- _Goal of the exercise_: Repeat every line that appears below, with nothing altered.

- _Given information_:
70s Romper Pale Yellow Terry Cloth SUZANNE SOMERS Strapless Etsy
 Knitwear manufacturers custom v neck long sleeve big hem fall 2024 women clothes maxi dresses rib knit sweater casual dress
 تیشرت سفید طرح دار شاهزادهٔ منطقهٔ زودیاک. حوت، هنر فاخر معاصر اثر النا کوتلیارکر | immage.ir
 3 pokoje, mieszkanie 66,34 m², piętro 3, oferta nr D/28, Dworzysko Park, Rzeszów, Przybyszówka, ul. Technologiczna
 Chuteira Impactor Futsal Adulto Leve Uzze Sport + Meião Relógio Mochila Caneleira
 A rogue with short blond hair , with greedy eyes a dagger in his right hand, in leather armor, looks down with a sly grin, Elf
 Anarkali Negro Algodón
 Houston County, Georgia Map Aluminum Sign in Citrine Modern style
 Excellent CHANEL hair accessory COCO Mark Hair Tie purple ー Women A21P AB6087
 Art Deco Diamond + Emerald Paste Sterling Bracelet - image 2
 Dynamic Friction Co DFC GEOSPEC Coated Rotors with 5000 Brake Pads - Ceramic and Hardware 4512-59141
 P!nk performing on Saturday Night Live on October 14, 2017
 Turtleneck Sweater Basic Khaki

- _Response area_:
70s Romper Pale Yellow Terry Cloth SUZANNE SOMERS Strapless Etsy
 Knitwear manufacturers custom v neck long sleeve big hem fall 2024 women clothes maxi dresses rib knit sweater casual dress
 تیشرت سفید طرح دار شاهزادهٔ منطقهٔ زودیاک. حوت، هنر فاخر معاصر اثر النا کوتلیارکر | immage.ir
 3 pokoje, mieszkanie 66,34 m², piętro 3, oferta nr D/28, Dworzysko Park, Rzeszów, Przybyszówka, ul. Technologiczna
 Chuteira Impactor Futsal Adulto Leve Uzze Sport + Meião Relógio Mochila Caneleira
 A rogue with short blond hair , with greedy eyes a dagger in his right hand, in leather armor, looks down with a sly grin, Elf
 Anarkali Negro Algodón
 Houston County, Georgia Map Aluminum Sign in Citrine Modern style
 Excellent CHANEL hair accessory COCO Mark Hair Tie purple ー Women A21P AB6087
 Art Deco Diamond + Emerald Paste Sterling Bracelet - image 2
 Dynamic Friction Co DFC GEOSPEC Coated Rotors with 5000 Brake Pads - Ceramic and Hardware 4512-59141
 P!nk performing on Saturday Night Live on October 14, 2017
 Turtleneck Sweater Basic Khaki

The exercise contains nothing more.